Del calcio non mi piace l’esasperazione, le polemiche, i processi, l’arroganza, la stupidità, l’oblio. Quando giocavo io ci divertivamo di più, tra compagni di squadra ci si frequentava dopo le partite, gli allenamenti. Mischiavamo le nostre solitudini. Oggi i calciatori lo fanno molto di meno. Questo mondo ha dato lavoro a tanti, ma tanti si prendono troppo sul serio. Eppure fai un mestiere che ti piace, ti danno un sacco di soldi, sei un privilegiato. Vivi una vita che non è normale. Se ho una qualità è quella di saper scegliere i miei abiti mentali. Non posso assumere un modo di essere che non è il mio. Non riesco a fingere, a mordermi la lingua, a mettere su il disco dell’ipocrisia”.

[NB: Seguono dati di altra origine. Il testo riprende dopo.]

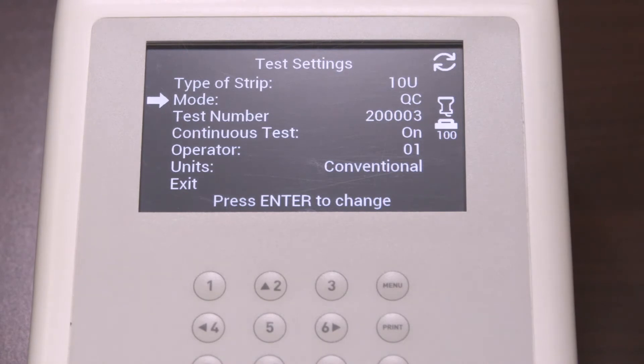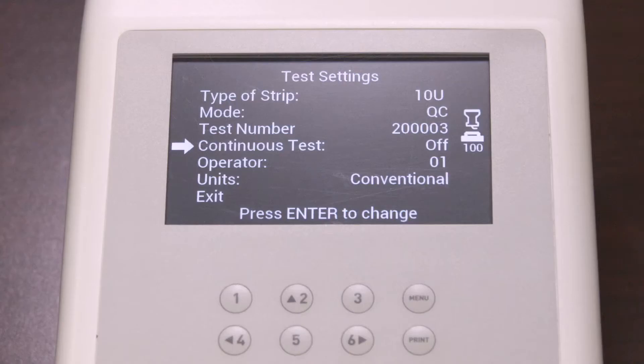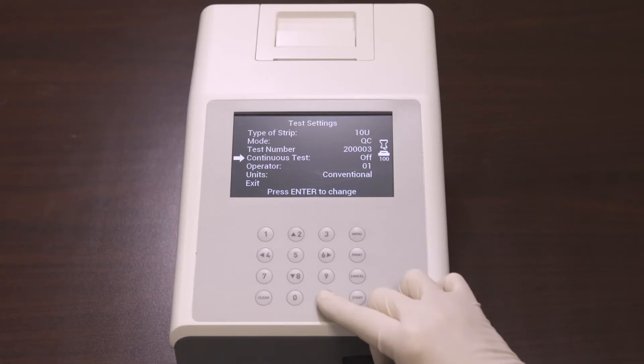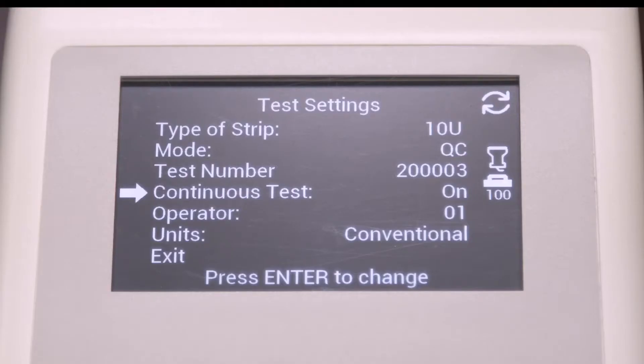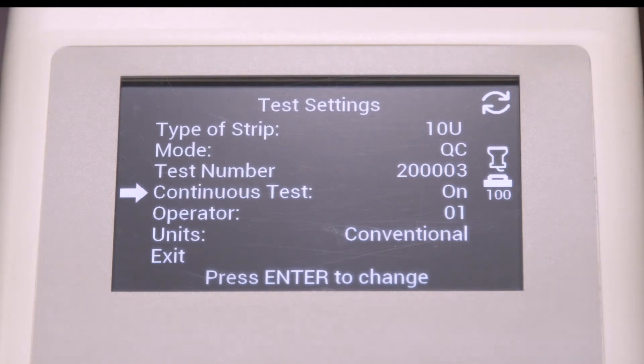The first digit is fixed and cannot be changed. Next, in the test settings after test number is continuous test. Select continuous test and press Enter to cycle the settings to off or on. If continuous test is off, you can test one strip at a time, which is also called single test mode — this performs 60 tests per hour. If continuous test is on, you can use test strips one after another, performing up to 120 tests per hour. The circled arrow symbol will be displayed when continuous test is on.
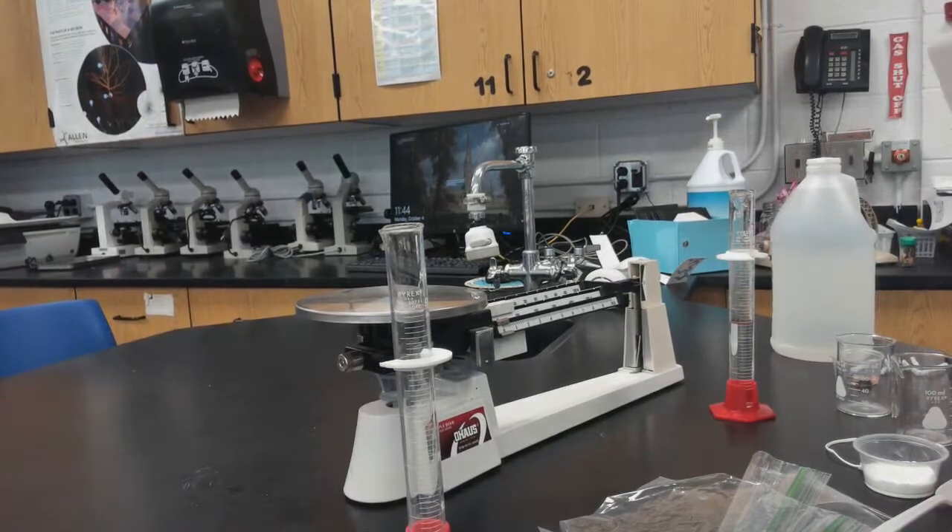This is testing the conservation of mass lab. The law of conservation of mass states that matter cannot be created nor destroyed. We're going to do a little experiment to test that.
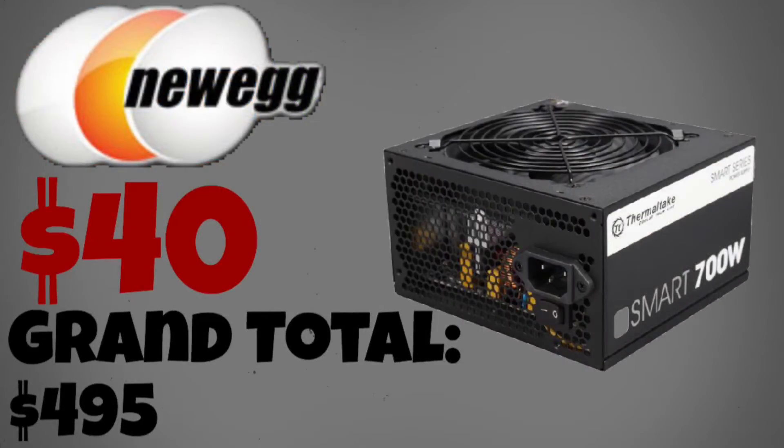For the power supply I will be using a 700W Thermaltake power supply. I was originally searching for a 500W power supply, but then I realized using a $15 rebate you can get a $40 Thermaltake power supply. It's a very quiet one and it's more than this PC will ever need.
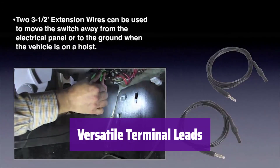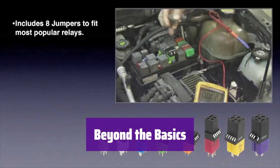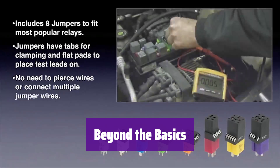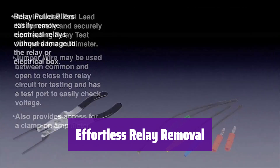Its terminal leads offer switch, fuse, and power options, allowing you to easily check current or voltage on various fuses and relays. It also enables testing of relay configurations not covered by the standard jumpers, including those found in European vehicles like Volkswagen and BMW. The set includes convenient relay puller pliers, allowing you to remove electrical relays without damaging wires.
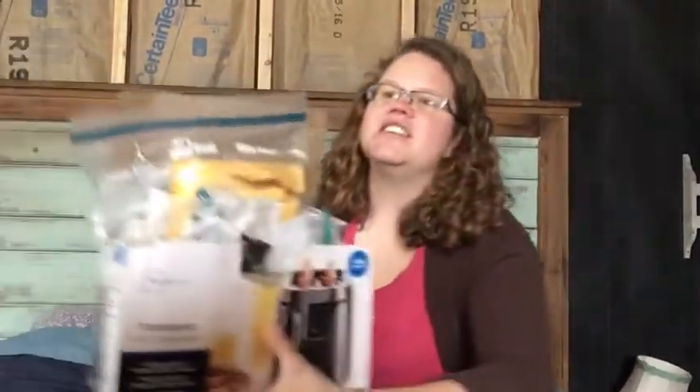Before I sign off, I want to show you my really classy seed storage system. It's overflowing with seeds — my husband was just making fun of my hoarding. I'm not a hoarder, but I do have a lot of seeds. When this whole thing happened, he said 'I'm glad you have a lot of seeds.' I'm glad too.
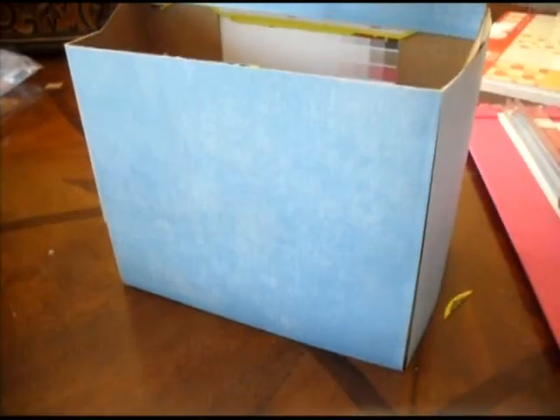Once we have all four sides covered, we just need to worry about the handle. We're going to use another piece of paper that's cut and ready to go and just staple it into place with the tiny stapler. It's all stapled into place, so now we're ready to decorate it.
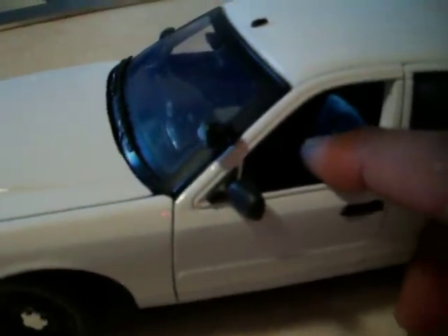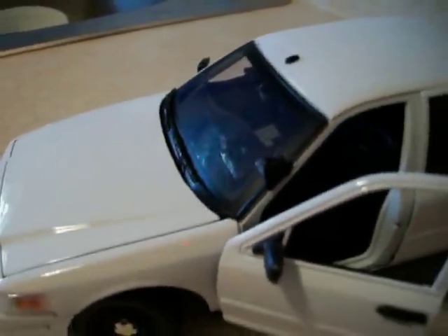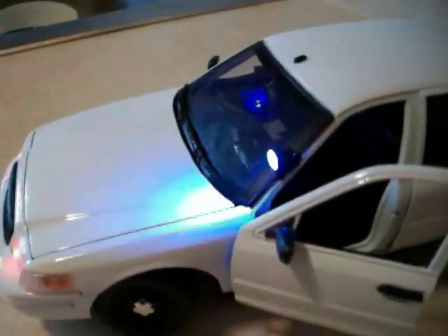The spotlight is drilled in the proper spot. You can open the door and the spotlight stays straight, like it should — just like on a real car.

Parole note, quelle di Cesare Prandelli che ha ricordato anche la giornalista Nadia Toffa:
“Un amico comune mi ha raccontato la battaglia di Nadia, che mi ha commosso e stretto il cuore. Così, senza pensarci troppo, sono andato a renderle omaggio. Non eravamo amici. Anzi, neppure la conoscevo, ci siamo incontrati e salutati un paio di volte, casualmente, favoriti forse dal fatto che siamo bresciani tutti e due. Sono andato alla camera ardente spinto dal suo coraggio. Nadia ha inviato un messaggio straordinario, soprattutto a quelli che soffrono: c’è la possibilità di vivere, magari non a lungo, ma con grande dignità e senza perdere il sorriso. Lei c’è riuscita. È stata un esempio di forza e combattività. Alla fine ero quasi imbarazzato per le emozioni forti che ho provato. Sono contento di essere andato a salutarla e di aver abbracciato la sua famiglia. Suo papà lo conosco da tempo, è una persona di grande umanità ed è un tifoso, quando mi ha visto era quasi sorpreso che fossi lì. Spero di aver lasciato qualcosa a lui e alla mamma. Perdere un figlio è disumano, la cosa più brutta che possa capitare a un genitore e non ci sono parole per colmare il vuoto che rimane dentro. Nadia era giovane, energica, sorridente, aperta alla vita. La sua storia, in mezzo a tante altre purtroppo, è la conferma che siamo fragili e a volte indifesi. Una riflessione che non facciamo quasi mai. Non so se il suo sorriso sia una speranza contro il male, ma il suo messaggio è importante. Nadia ha affrontato la malattia con coraggio, senza nascondersi, senza vergogna. Sapeva di non avere troppo tempo a disposizione, ma non si è arresa e ha offerto la sua sofferenza affinché fosse un esempio. Si è messa a nudo. Ha avuto la forza di raccontare tutto, senza paura e con grande dignità. Non ha mollato sino alla fine”.